Find Us On Social Media :

Mendidik Anak dengan Gawai Ala Sulastri

By Arnaldi Nasrum, Sabtu, 26 Maret 2016 | 08:00 WIB

Mendidik Anak dengan Gawai Ala Sulastri

Intisari-Online.com - Sebuah studi yang dilakukan oleh Dr. Nirmala Karuppiah dari National Institute of Education (NIE) di Singapura pada 2013 mengungkapkan, 65% dari anak-anak di Singapura mulai bermain gawai sebelum usia mereka menginjak tiga tahun. Gawai yang digunakan pun beragam. Ada komputer, tablet, hingga smartphone.

Penelitian itu juga mengorek kegiatan apa saja yang dilakukan anak-anak dengan gawainya. Hasilnya, 95% menonton video dan bermain game. Bagusnya, setengah dari mereka mengaku memainkan game edukatif seperti kuis ejaan. Yang lainnya, sekadar browsing di internet. Yang perlu dicermati, penelitian ini juga menyasar para orangtua.

Disebutkan, hanya 30% responden orangtua yang memiliki aturan mengenai batasan waktu untuk bermain gawai. Selebihnya, para orangtua memberikan kebebasan kepada anak mereka untuk bermain gawai kapan pun. Nah, meski sebagian besar orangtua membebaskan anaknya main gawai kapan saja, 85% dari mereka merasa gawai bermanfaat terhadap anak mereka terutama berkaitan dengan kecerdasan teknologi informasi.

Menurut Ratih Zulhaqqi, M.Psi, psikolog anak di Jakarta, jika digunakan secara tepat oleh anak, gawai memberikan segudang manfaat. Namun, ketika anak-anak banyak terpapar oleh gawai, maka akan mempengaruhi perkembangan beberapa aspek dalam diri mereka. “Terutama kognitif, motorik, sosial, dan emosi,” ungkap Ratih kepada Intisari.

Sebenarnya penggunaan gawai akan membuat anak fokus dengan sesuatu yang bergerak. Dalam hal ini sesuatu yang ada dalam layar gawai mereka.

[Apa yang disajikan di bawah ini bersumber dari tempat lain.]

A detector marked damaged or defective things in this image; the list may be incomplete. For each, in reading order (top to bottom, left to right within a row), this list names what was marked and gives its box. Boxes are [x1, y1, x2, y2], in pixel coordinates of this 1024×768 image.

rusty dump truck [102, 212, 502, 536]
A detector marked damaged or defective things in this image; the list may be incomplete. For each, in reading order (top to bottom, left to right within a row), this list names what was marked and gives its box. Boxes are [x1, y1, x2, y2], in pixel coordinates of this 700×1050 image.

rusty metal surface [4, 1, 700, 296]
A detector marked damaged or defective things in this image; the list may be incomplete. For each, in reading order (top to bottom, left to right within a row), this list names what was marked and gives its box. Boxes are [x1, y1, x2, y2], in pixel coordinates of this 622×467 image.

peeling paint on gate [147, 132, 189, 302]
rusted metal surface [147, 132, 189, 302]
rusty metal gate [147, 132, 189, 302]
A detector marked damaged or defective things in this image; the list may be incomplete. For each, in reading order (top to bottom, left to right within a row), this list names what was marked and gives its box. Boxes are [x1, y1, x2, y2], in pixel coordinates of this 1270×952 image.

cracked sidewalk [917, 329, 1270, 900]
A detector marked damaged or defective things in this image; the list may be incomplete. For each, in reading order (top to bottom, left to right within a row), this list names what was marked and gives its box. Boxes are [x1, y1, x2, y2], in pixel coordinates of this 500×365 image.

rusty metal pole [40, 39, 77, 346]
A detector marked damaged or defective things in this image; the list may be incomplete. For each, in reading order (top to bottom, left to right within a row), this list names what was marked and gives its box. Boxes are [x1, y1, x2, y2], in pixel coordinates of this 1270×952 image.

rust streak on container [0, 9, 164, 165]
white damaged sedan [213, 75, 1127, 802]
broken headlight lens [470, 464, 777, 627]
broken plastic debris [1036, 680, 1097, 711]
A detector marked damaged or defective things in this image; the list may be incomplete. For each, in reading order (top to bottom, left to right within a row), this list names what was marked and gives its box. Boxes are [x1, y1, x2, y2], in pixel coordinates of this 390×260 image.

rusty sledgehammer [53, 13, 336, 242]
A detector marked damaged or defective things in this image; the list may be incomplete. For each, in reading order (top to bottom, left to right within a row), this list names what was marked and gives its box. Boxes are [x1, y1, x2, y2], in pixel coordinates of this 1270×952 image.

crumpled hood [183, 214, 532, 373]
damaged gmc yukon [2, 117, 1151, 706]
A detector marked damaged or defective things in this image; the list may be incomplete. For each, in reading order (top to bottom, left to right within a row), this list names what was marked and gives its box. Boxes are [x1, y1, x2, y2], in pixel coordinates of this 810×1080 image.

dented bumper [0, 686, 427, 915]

Ratih mengingatkan, gawai tidak selamanya memberikan efek negatif. Sebaliknya, gawai bisa berpengaruh positif termasuk dalam tahap perkembangan anak. Sejauh pengamatan Ratih, jika anak bermain game strategi, maka secara teratur kemampuan berpikirnya akan terlatih. “Ini akan mengembangkan kemampuan anak dalam menciptakan jalan keluar atau alternatif solusi dalam sebuah situasi,” jelasnya.

Melatih berpikir

Sisi positif gawai itu ditangkap oleh Sulastri (36), seorang ibu rumah tangga di Jakarta. Ia tak keberatan anaknya yang masih duduk di bangku SD untuk bermain gawai. “Yang penting harus ada pengawasan,” ungkapnya. Ia mengakui jika gawai memang telah menjadi bagian dari kehidupan seorang anak. Toh, orangtua sekarang juga tak lepas dari gawai. Jadinya, mau tidak mau, anak akan jadi penasaran.

Untuk urusan game, Sulastri mengarahkan anaknya memainkan game puzzle. Biasanya game yang dimainkan berupa menyusun gambar secara acak. “Game ini kan bagus juga untuk melatih berpikir,” jelasnya. Selain itu, Sulastri juga menganggap ini sebagai hiburan yang bermanfaat bagi anaknya.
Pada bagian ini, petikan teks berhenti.